But I think that this doesn’t work. Interdisciplinary approaches are basically starting from disciplines that are already separate and that you then somehow try to put together. This either takes the form of applying the tools of one discipline to the subject matter of another – that’s what you see in Waltz (Theory Talk #40) when he applies tools of economic modeling to the subject matter of IR with the result of an economistic understanding of international politics where states behave like firms in the market. The alternative is to apply the tools of different disciplines to the subject matter of IR and the outcome is again a fragmentation albeit a different one. While this kind of importing can certainly contribute to a different understanding of some aspect of IR, it does form problem since each of these approaches grasps only that aspect of social life for whose internal dynamics it was developed. Actually, it doesn’t tell us anything about the relations between these different issue areas.

I think it is more promising to use a pre-disciplinary approach. I use a lot of classical authors and to me, the most valuable thing about classical theory is that a lot of it is pre-disciplinary. What does that mean? It means that these people did not actually start out from the assumption that economics was separate from politics and that politics was separate from, say, religion. And so, what you can get from classical theory is actually a theorization of the relations between all of these different dimensions of political life. That gives us a starting point in which these dimensions are connected.
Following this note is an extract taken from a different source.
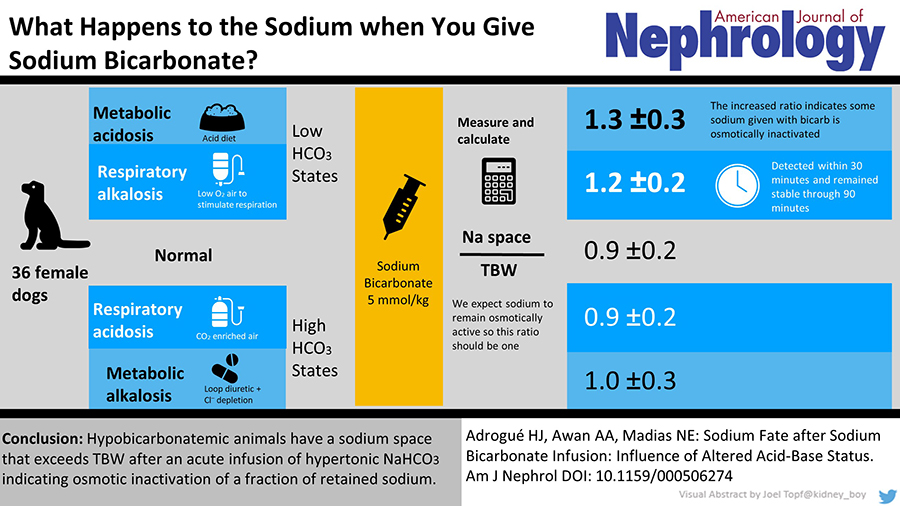 Sodium Fate after Sodium Bicarbonate Infusion: Influence of Altered Acid-Base Status 
✍️ Horacio J. Adrogué 
📄 bit.ly/3aAWtQU 
#AmJNephrol #socium #electrolytes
And we can then trace the fragmentation that arises subsequently, identify its roots but also the continuing connections that we miss when we begin with an already separated or fragmented point of view.


How did you arrive at where you currently are in your thinking about IR?

Well, I have a particular interest in liberalism and liberal internationalism and especially in the way in which liberalism relates to its ‘others’. I do think that the root of this interest is actually quite biographical. Growing up in Germany in the 1960’s and 70’s, there was only one politically correct or accepted ideology—or worldview, if you want—which was liberalism. If you developed any sort of halfway systematic critique of liberalism from the left, you were immediately told ‘Well, if you don’t like it here, you can go across’—meaning to East Germany—‘and live there’. If you developed any more systematic critique of liberalism from the right, of course you were immediately accused of being a Nazi. So I grew up in this extremely ‘intolerant’ liberal world; intolerant in the sense that everything else was more or less taboo.

And the other thing that I’ve noticed at the time was that we had all these foreigners living in Germany with whom I interacted on an everyday basis—lots of students particularly from the Middle East, from Turkey, from Algeria, from Iran—with lots of rich histories, all of whom had particular reasons to be in Germany. Some of them just studied there but others had fled their countries for political reasons. Now in my high school education, we learned nothing, and I mean nothing, about these parts of the world: where these people came from; what their histories were; their languages—what were they doing here? It just didn’t exist in our curriculum. I’ve always found that extremely frustrating and embarrassing. And if I wanted to find out about these things, I had to go to my father’s encyclopedia and read up on whatever part of the world I was interested in. I have always had the feeling that there is a connection between liberalism, this dominant, hegemonic liberalism on the one hand, and on the other, the exclusion of all those other parts of the world that didn’t seem to be playing any role in its self-understanding at all.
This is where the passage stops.